A WHOPPING N1.3 trillion public funds were stolen by 32 entities (human and corporate) between 2011 and 2015, Economic and Financial Crimes Commission (EFCC) Acting Chairman Ibrahim Magu has said.
Magu made the revelation yesterday in his keynote remarks at the opening of the 2019 First Batch Conversion Training Programme to Procurement Cadre for Federal Parastatal and Agencies.
The event was organised by the Bureau of Public Procurement (BPP) in Lagos.
The EFCC chair, whose paper was delivered by the Commission’s Secretary, Ola Olukoyede, decried the impact of the huge financial loss on the country.
He said: “One third of this money, using World Bank rates and cost, could have comfortably been used to construct well over 500km of roads; build close to 200 schools; educate about 4000 children from primary to tertiary levels at N25 million per child; build 20,000 units of two-bedroom houses across the country and do even more.

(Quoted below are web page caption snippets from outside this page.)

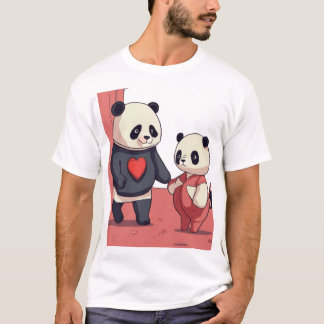 T-shirt Valentine Tee - shirts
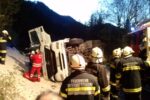 LKW Unfall Wunderstätten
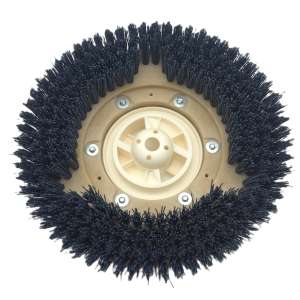 PWRPFS12MGL, Powr-Flite, Brush 11In Left Medium Grit Blue Psf24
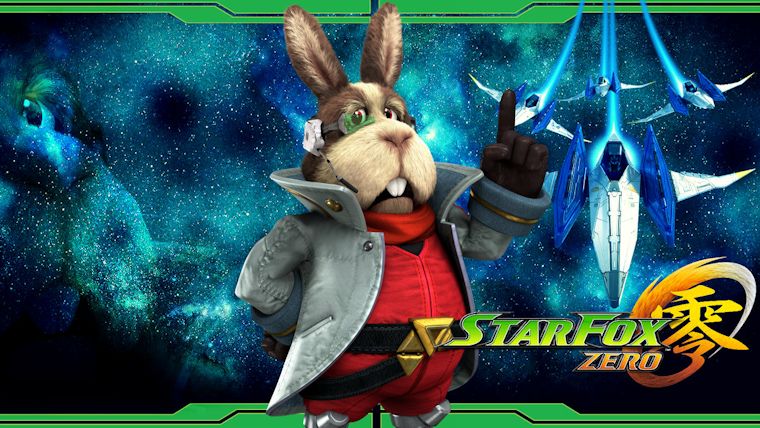 Star Fox Zero: ecco Peppy Hare in azione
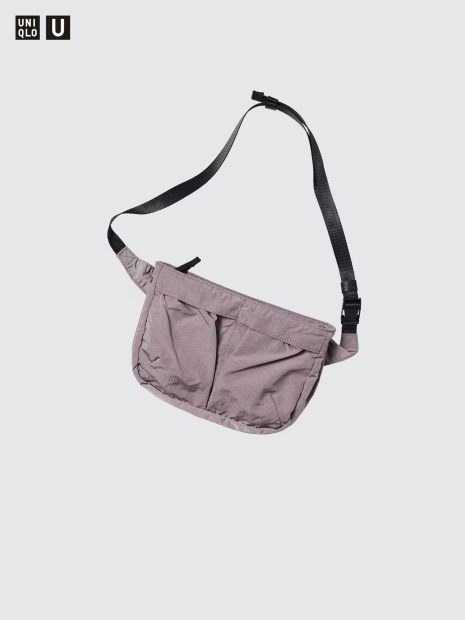 Сумка UNIQLO через плечо 1159864408 Сиреневый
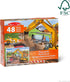 Melissa & Doug Jumbo Jigsaw Floor Puzzle - Building Site, 48 pcs, FSC Certified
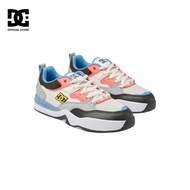 DC Shoes Men DC Ascend Shoes - White/Blue/Grey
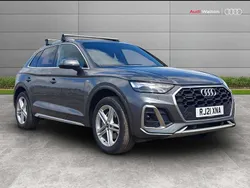Grey Used 2021 Audi Q5 S-Line SUV | £29,990 (Fair price)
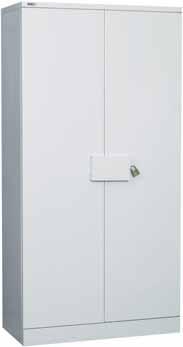 Security cupboards are only available in one height 1829mm and width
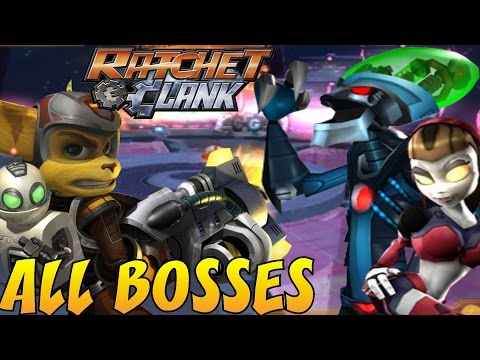 Ratchet and Clank 3: Up Your Arsenal - All Bosses (No Damage) - UC-2wnBgTMRwgwkAkHq4V2rg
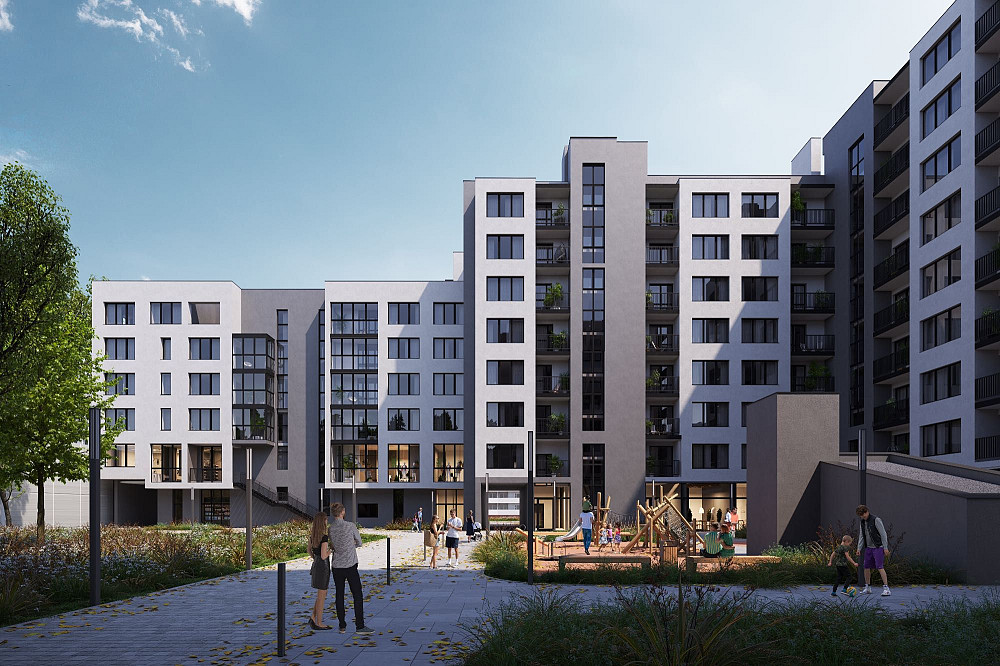 1-кім у новому клубному будинку Quoroom Perfect Львів - зображення 2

“The cost of this grand theft, therefore, is that these roads, schools and houses will never be built and these children will never have access to quality education because a few rapacious individuals had cornered for themselves what would have helped secure the lives of the future generations, thereby depriving them of quality education and healthcare, among others.”
He identified the poor state of procurement process as one of the major reasons corruption continued to thrive in government agencies and parastatals.

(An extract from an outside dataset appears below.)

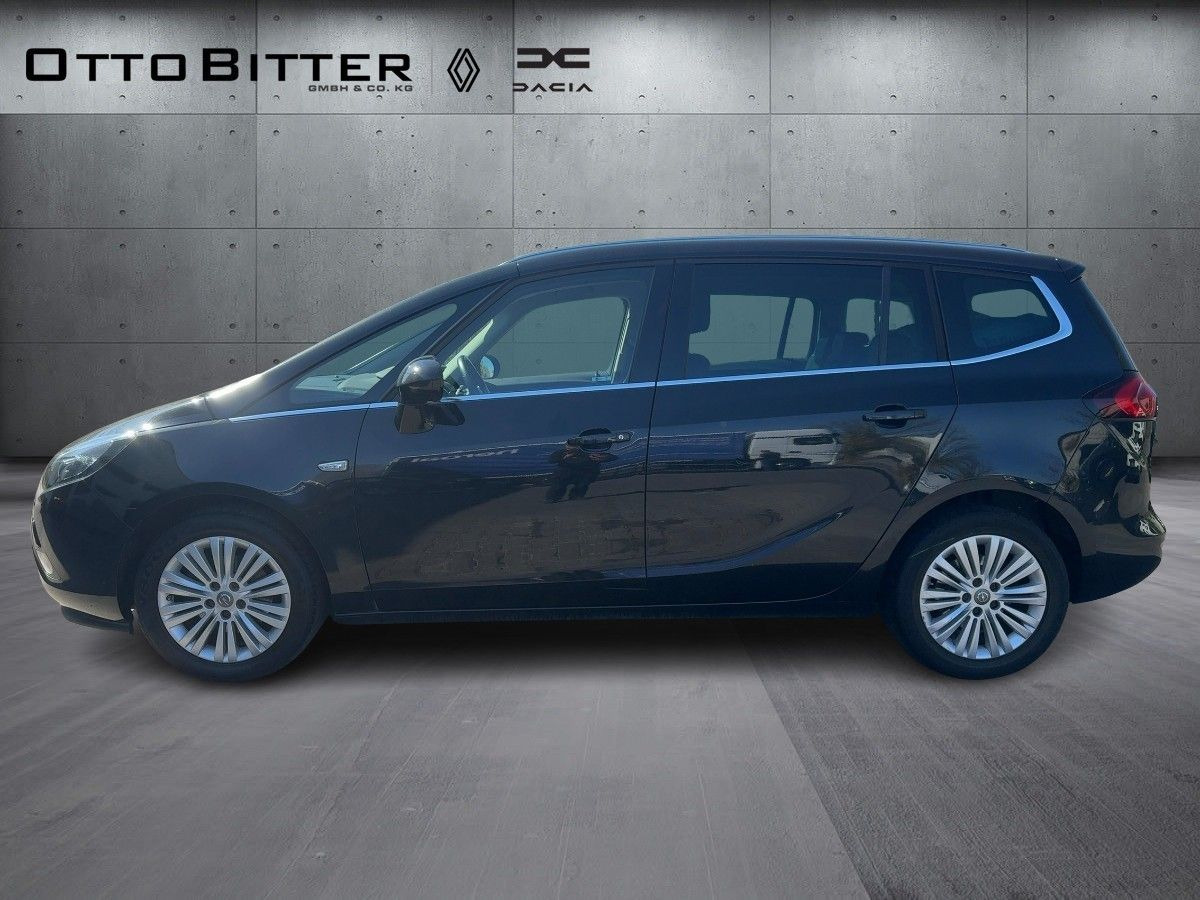 Opel Zafira Tourer C 1.6 Innovation CNG ERDGAS 7SITZE - Пассажирский фургон: фото 2 Opel Zafira Tourer C 1.6 Innovation CNG ERDGAS 7SITZE - Пассажирский фургон: фото 2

Magus listed some of the fraudulent practices in procurement process in Nigeria to include: kickbacks, conflict of interests, fraud in the bidding process, bid suppression, collusive bidding, bid rotation and market division.
Others, according to him are: co-mingling of contracts, change order abuse, cost mischarging, defective pricing, false statement and claim, phantom vendors, product substitution, unnecessary purchases and purchases for personal use or resale.
The EFCC chair noted that the training was aimed at giving the participants the tools, knowledge and understanding they would need to carry out their duties in their respective places of primary assignments in an efficient and transparent manner.
“I sincerely hope that at the end of this training, we will see a few cases of financial propriety in our procurement processes in government agencies and parastatal. Indeed, corruption could kill Nigeria, if we do not scale up our proficiency in contract and procurement management process,” Magu said.
Read also: Magu: Looters now stash funds in Seychelles, South Africa, Niger, Ghana
Giving insights into what necessitated the establishment of the EFCC in 2003, he said: “The establishment of the EFCC in 2003 was because of the determination of the Federal Government to combat fraudulent activities of some Nigerians and foreigners, mismanagement in the economic sector, corruption by public officials and lack of accountability and transparency in government dealings.”
Magu expressed confidence that Nigeria still has patriotic and credible individuals who would do all within their abilities to uphold the credibility and honesty required for leadership in public offices.